He lambasted Jimmy Carter during the 1980 hostage crisis; now Trump’s presidency could be similarly blemished
It began with the fate of hostages.
Donald Trump’s first recorded foray into politics was sparked by the 1979 takeover of the US embassy in Tehran, which saw 52 American diplomats held incommunicado for 444 days.
The event set the stage for more than four decades of torturous relations between the US and Iran. It may also have kickstarted Trump’s long journey to the White House, which is now in danger of being defined by his decision to attack Iran’s Islamic regime.
In October 1980, a standoff that had started a year earlier had ballooned into a national trauma, with the hostages still in captivity and then president Jimmy Carter flailing in the face of Iranian intransigence. Trump lashed out in an NBC interview with Rona Barrett, one of the US’s most noted gossip writers of the time.
“That they hold our hostages is just absolutely, and totally ridiculous,” he told Barrett, arguing the crisis should have been resolved with a military invasion. “That this country sits back and allows a country such as Iran to hold our hostages, to my way of thinking, is a horror, and I don’t think they’d do it with other countries.”
Within a month, Carter – who had been rendered a symbol of US powerlessness as Iranian revolutionaries chanted “America can’t do a damn thing” – was defeated in a landslide by his Republican opponent, Ronald Reagan.
Forty-seven years later, the psychic ripple effect of that searing international drama may have been uppermost in Trump’s mind as he took the fateful decision to launch a war against Iran that he predicted would be finished quickly, but which swiftly spiralled out of control.
He referenced the hostage crisis on the opening day of the war, as he sought to justify a campaign for which he had done next to nothing to prepare the American public in advance.
Trump also repeatedly invoked Carter as the model of the president he would never be: a man who allowed his presidency to be defined, and ultimately ruined, by a second-rate power that should be no match for the US.
Yet three and a half months after launching a war that was meant to resolve Washington’s Iran problem once and for all, Trump now finds himself in a position that uncannily resembles that of his disdained predecessor.

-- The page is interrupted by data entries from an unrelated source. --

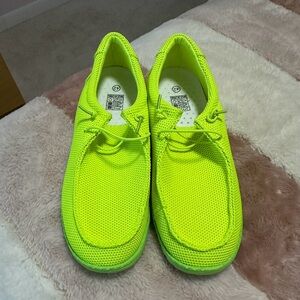 Neon green shoes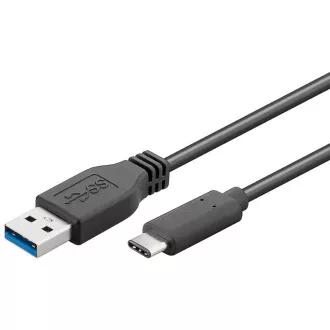 Premium kabel USB-C/muški - USB 3.0 A/muški, crni, 3m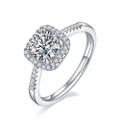 Ladies Classic Halo Engagement Ring 1-Carat Lab Center GRA Certified D/VVS1 Moissanite in Solid 925 Sterling Silver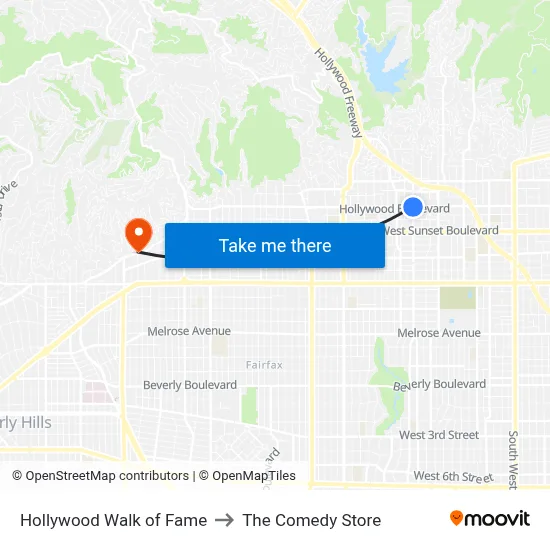 Hollywood Walk of Fame to The Comedy Store map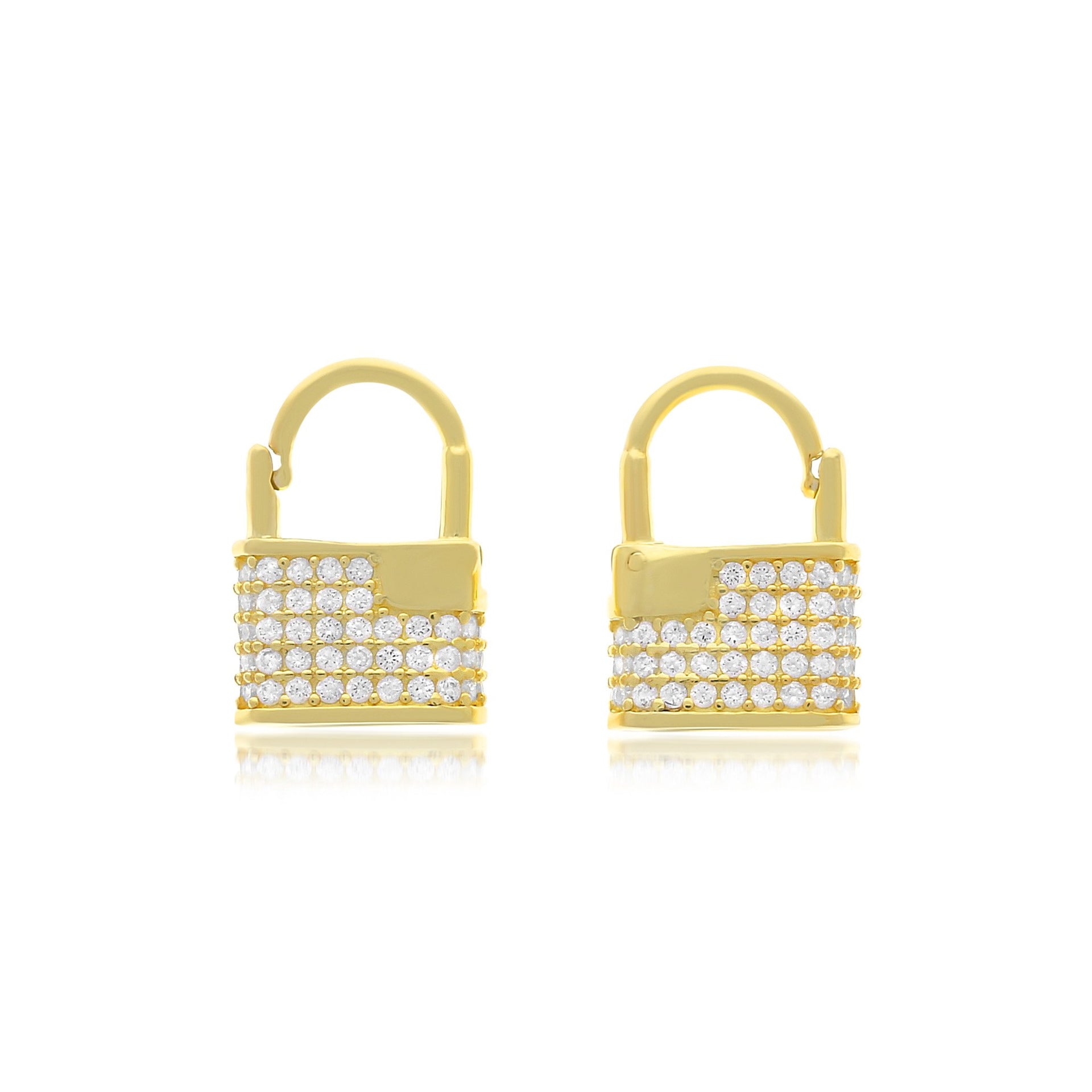 Pave Lock Huggie Earrings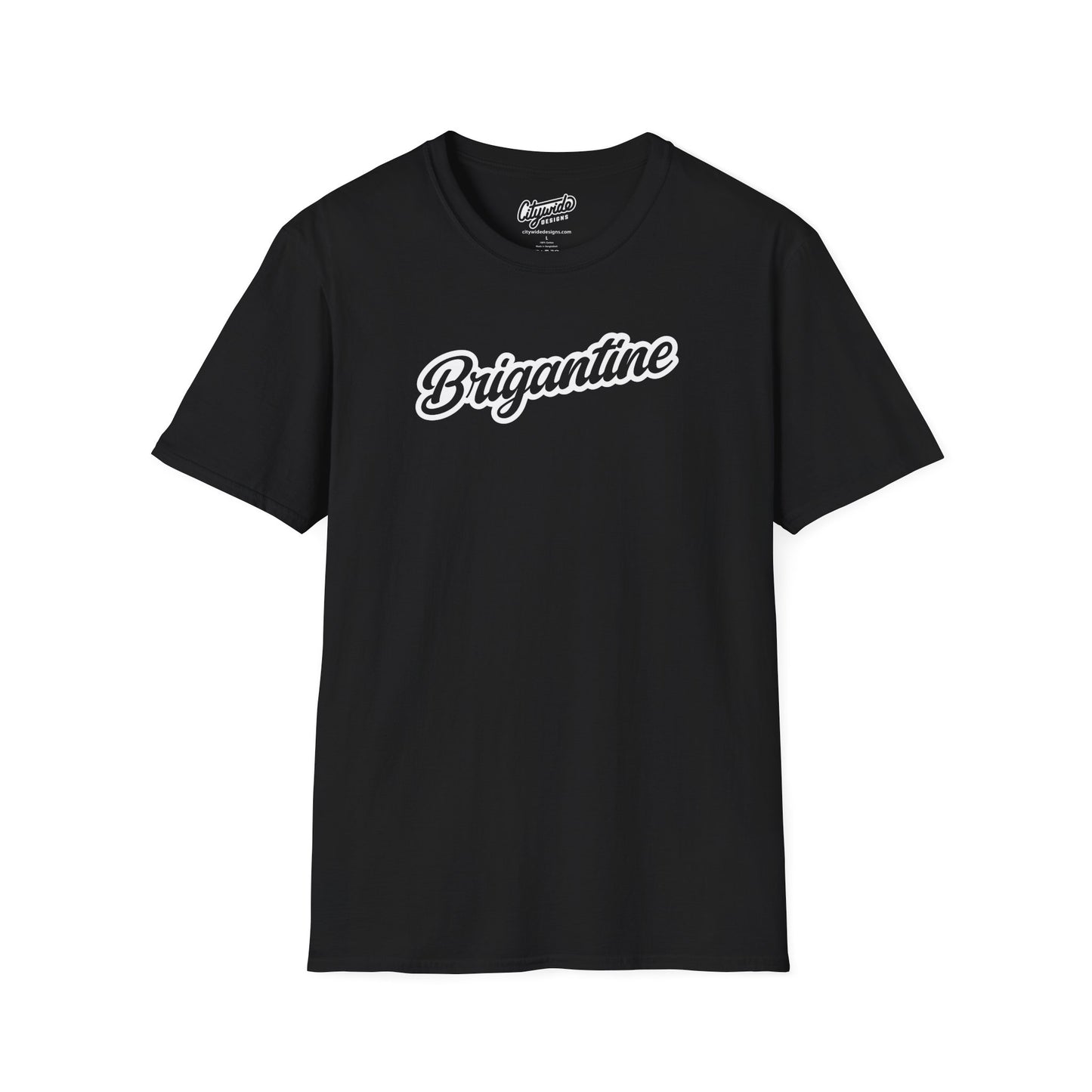 Brigantine NJ, Fancy Script Text Graphic T-Shirt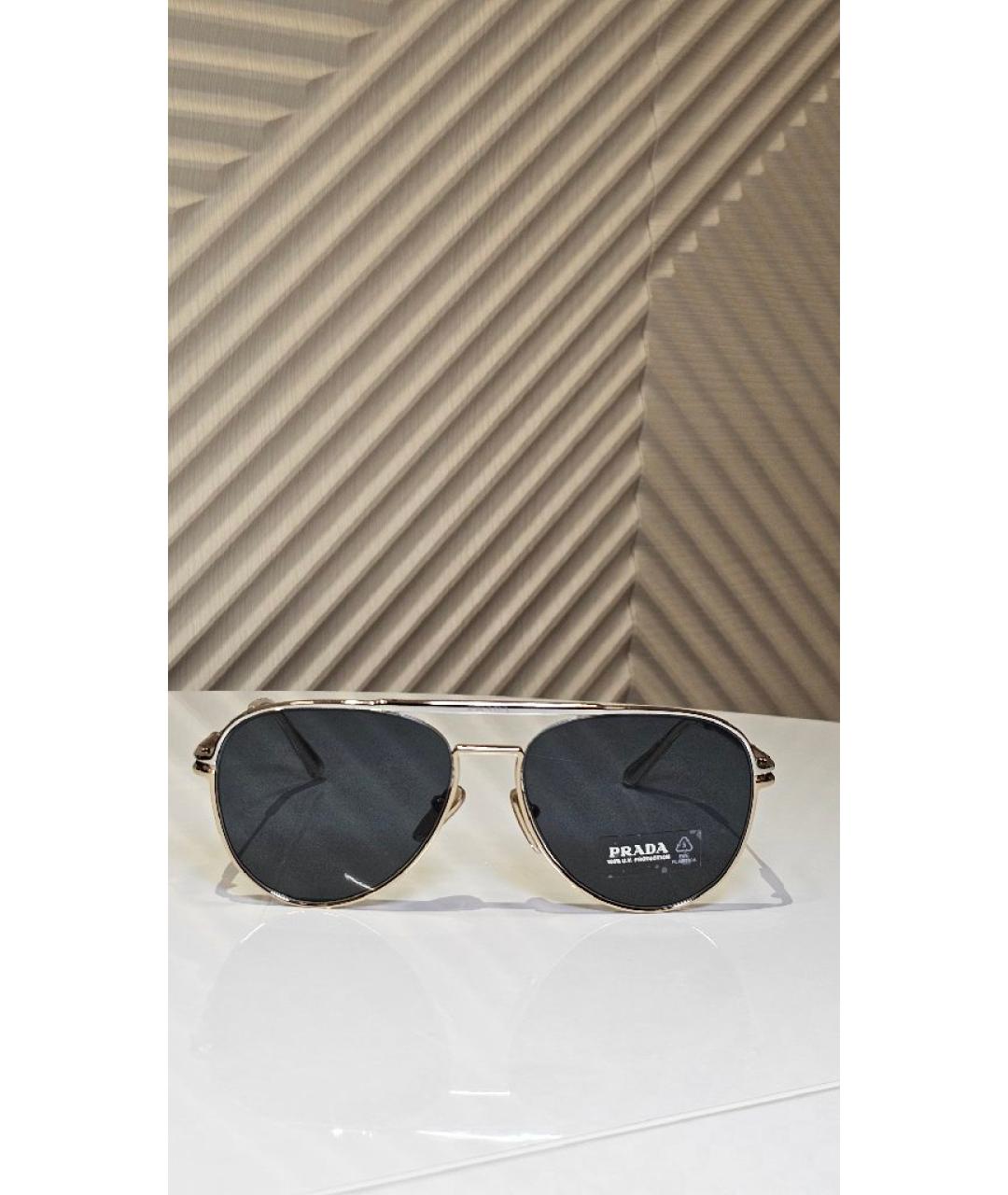 PRADA Золотые металлические солнцезащитные очки, фото 7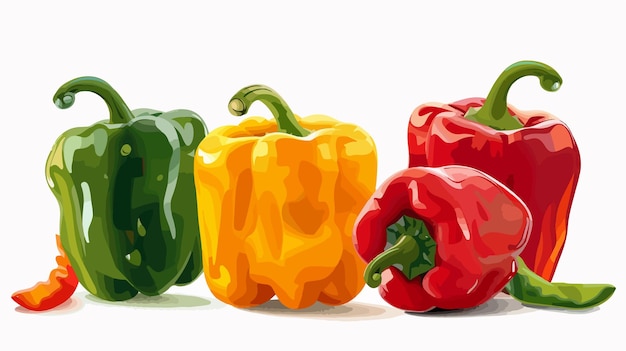 Vector colorful fresh whole peppers vector illustration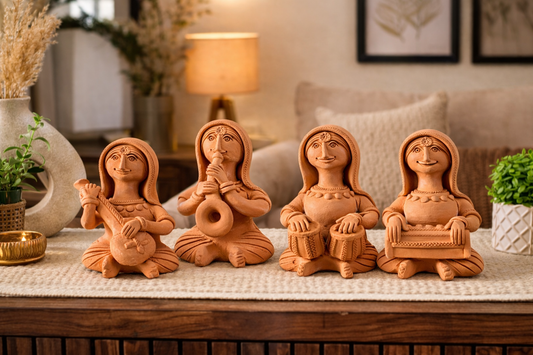 Handmade GI Tagged Gorakhpur Terracotta Tribal Lady Musicians Figurine Set (Set of 4) – 8 Inches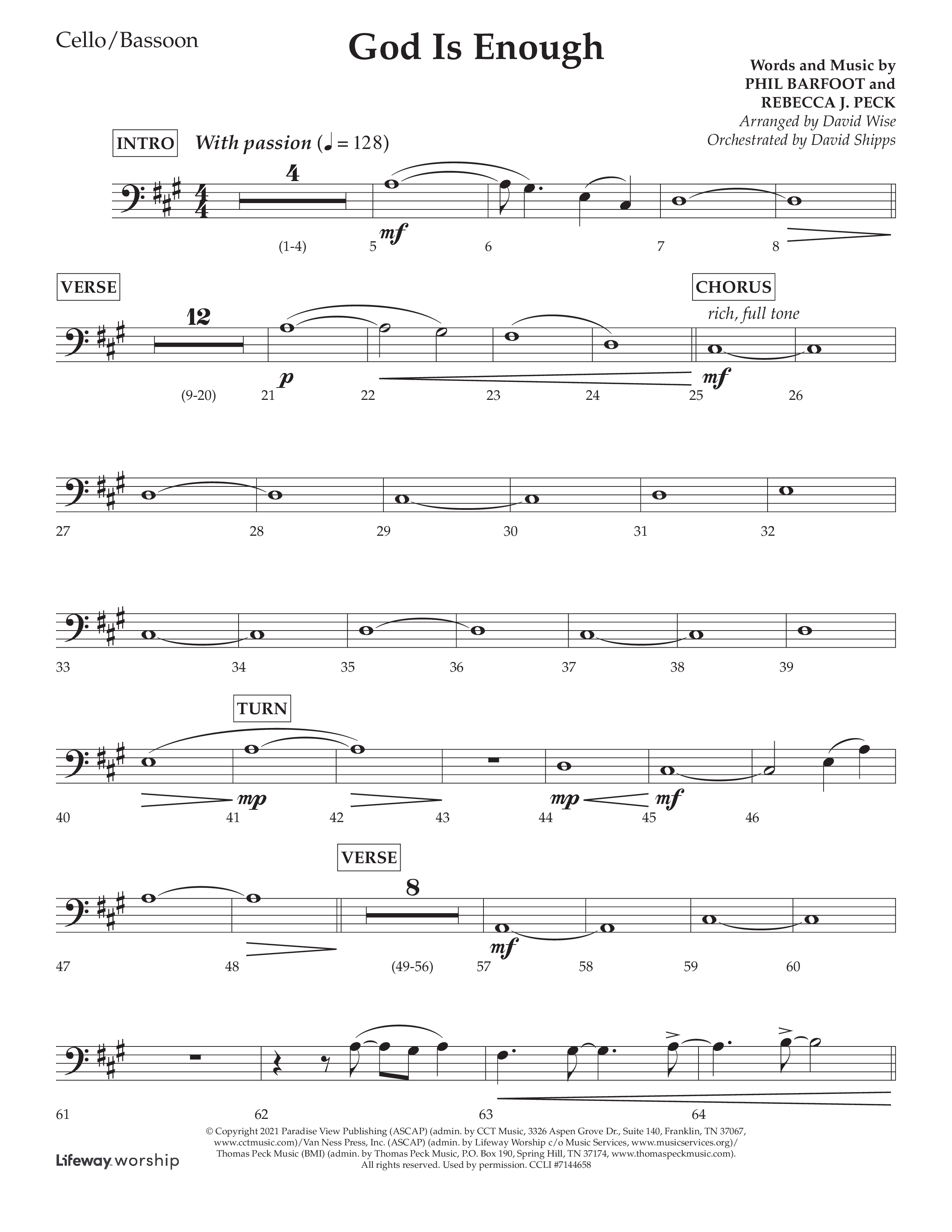 God Is Enough (Choral Anthem SATB) Cello (Lifeway Choral / Arr. David Wise / Orch. David Shipps)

An array of unpalatable options – chiefly the unacceptably high political costs of deploying ground troops – have rendered American military strength moot, just as it was in Carter’s time, when a hostage rescue attempt foundered catastrophically in the desert.
More belittling still, Trump is fulfilling the same role of foil previously accorded to the unfortunate Carter by an ideological Islamic regime unsure of its domestic standing, but determined to stay in power.
Initially staged by militant students acting without approval from above, the 1979-81 embassy siege was embraced by Iran’s spiritual leader, Ayatollah Ruhollah Khomeini, as a means of safeguarding the fledgling Islamic Republic from its internal opponents.
Likewise, with its death toll of an estimated 1,700 civilians and devastating strikes on civilian infrastructure, Trump’s ill-judged war is serving as a source of renewed legitimation for a regime that was facing an existential crisis after killing far more of its own citizenry in mass protests last January.
After the first military strikes that killed the supreme leader, Ayatollah Ali Khamenei, on 28 February, Trump urged Iranians in a televised address to rise up and “take over your own government”.
Whether from shock at the assault on their country, or fear of a ruthless regime, Iran’s population declined to heed the call. Trump, having hailed Khamenei’s demise, changed tack to saying it would “be a pleasure” to meet his son and supposedly more uncompromising successor, Mojtaba.
From would-be regime changer who promised demonstrators that “help is on its way”, Trump – like Carter before him – has become the theocracy’s involuntary validator of its claims to rule.
That role is rendered crystal clear by the memorandum of understanding (MOU) signed on Wednesday. “The United States of America and the Islamic Republic of Iran undertake to respect each other’s sovereignty and territorial integrity, and to refrain from interfering in each other’s internal affairs,” clause 2 of the text says, according to readout provided by US officials, in language that appears designed to satisfy the regime’s desire for security guarantees.
Diaspora Iranians, many of whom lambasted Barack Obama for signing the 2015 nuclear pact with Tehran, and who embraced Trump as the last best hope for regime change, are in a state of bewilderment. Reza Pahlavi, son of the former monarch overthrown in the 1979 revolution, summarised their mood eloquently in Washington recently, criticising the White House for “mixed signals” which were, he said “confusing the hell out of everybody”.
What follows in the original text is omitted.